At the 2018 European Championships in Glasgow, Proud won a silver in the 50-metre butterfly. He then broke the 50-meter freestyle textile world record with 21.11 in the semi-finals of the 50-metre freestyle, and won his first gold of the European championships in the final.

In the Autumn of 2019 he was member of the inaugural International Swimming League swimming for the Energy Standard Swim Club, who won the team title in Las Vegas, Nevada, in December.

===2021-22===
At the European Championships held in Budapest in May 2021, Proud won a silver in the 50 m freestyle.

A year later, at the 2022 World Aquatics Championships held in Budapest, Proud won gold in the 50 m freestyle event.

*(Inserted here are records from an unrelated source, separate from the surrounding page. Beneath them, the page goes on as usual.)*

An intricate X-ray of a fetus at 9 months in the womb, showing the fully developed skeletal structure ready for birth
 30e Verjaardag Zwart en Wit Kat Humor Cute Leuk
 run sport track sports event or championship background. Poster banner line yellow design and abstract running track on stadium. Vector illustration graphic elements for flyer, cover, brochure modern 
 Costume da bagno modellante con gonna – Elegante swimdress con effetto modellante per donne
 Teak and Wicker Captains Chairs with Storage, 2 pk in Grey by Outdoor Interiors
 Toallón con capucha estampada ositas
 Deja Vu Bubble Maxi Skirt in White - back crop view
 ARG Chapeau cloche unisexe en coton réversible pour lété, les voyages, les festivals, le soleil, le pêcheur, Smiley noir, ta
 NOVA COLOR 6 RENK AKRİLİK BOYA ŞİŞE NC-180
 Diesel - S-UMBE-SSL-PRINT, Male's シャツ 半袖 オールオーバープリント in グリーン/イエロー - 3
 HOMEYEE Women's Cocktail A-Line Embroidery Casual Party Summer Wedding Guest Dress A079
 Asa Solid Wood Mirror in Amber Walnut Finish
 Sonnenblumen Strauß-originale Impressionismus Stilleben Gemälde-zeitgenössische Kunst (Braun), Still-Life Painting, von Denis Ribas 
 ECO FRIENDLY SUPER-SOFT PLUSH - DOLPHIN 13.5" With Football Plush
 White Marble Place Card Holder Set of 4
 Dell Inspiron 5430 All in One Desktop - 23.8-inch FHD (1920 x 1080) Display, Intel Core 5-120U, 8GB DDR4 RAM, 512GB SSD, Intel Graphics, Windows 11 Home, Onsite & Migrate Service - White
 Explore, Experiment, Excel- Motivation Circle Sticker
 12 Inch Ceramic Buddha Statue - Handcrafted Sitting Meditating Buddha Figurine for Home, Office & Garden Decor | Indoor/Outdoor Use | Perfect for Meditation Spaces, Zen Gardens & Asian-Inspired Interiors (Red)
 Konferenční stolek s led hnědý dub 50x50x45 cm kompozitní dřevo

Proud took part in the 2022 Commonwealth Games, and won a gold in the 50 m butterfly event.

===2023===
In 2023, he won the gold medal at the 2023 British Swimming Championships in the 50 metres freestyle. It was the fifth time that he had won the 50 metres event. He was also denied a seventh 50 metres butterfly title by Jacob Peters. In December, Proud won one of the two golds that had so far eluded him, becoming European short-course champion over 50 metre freestyle for the first time.

=== 2024 ===
After winning the 50 metres freestyle at the 2024 Aquatics GB Swimming Championships, Proud sealed his place at the 2024 Summer Olympics.
On 2 August 2024 he won the silver medal in the final of the 50m freestyle.

=== 2025 ===
Proud won the 50 metres freestyle event for the third consecutive year and the 50m butterfly title at the 2025 Aquatics GB Swimming Championships. He had already been selected for the 2025 World Aquatics Championships in Singapore but cemented his place in winning the event. Subsequently at the World Championships, he won a silver medal in the 50 metres freestyle and reached the final of the 50 metres butterfly.

== Enhanced Games ==

On 10 September 2025, Proud shared that he was to take part in the Enhanced Games which will allow athletes to use performance-enhancing substances without being subject to drug tests, confirming his retirement from traditional competitive swimming. His decision was widely condemned by British and international sporting organisations, and his National Lottery funding was stopped with immediate effect, although Proud had already indicated his intention to withdraw from the funding pool. Proud won the 50m butterfly in 22.32sec, which was his personal best and the second fastest in the world at 0.05 slower than the official world record set by Andriy Govorov.

==Best times==

| Event | Time (LCM) | Time (SCM) |
|---|---|---|
| 50 Freestyle | 21.11* | 20.18* |
| 100 Freestyle | 48.52 | 45.97 |
| 50 Butterfly | 22.75* | 22.18* |

- British Record *

==See also==
- List of Olympic medalists in swimming (men)
- List of World Aquatics Championships medalists in swimming (men)
- List of World Swimming Championships (25 m) medalists (men)
- List of European Aquatics Championships medalists in swimming (men)
- List of European Short Course Swimming Championships medalists (men)
- List of Commonwealth Games medallists in swimming (men)
- List of individual gold medalists in swimming at the Olympics and World Aquatics Championships (men)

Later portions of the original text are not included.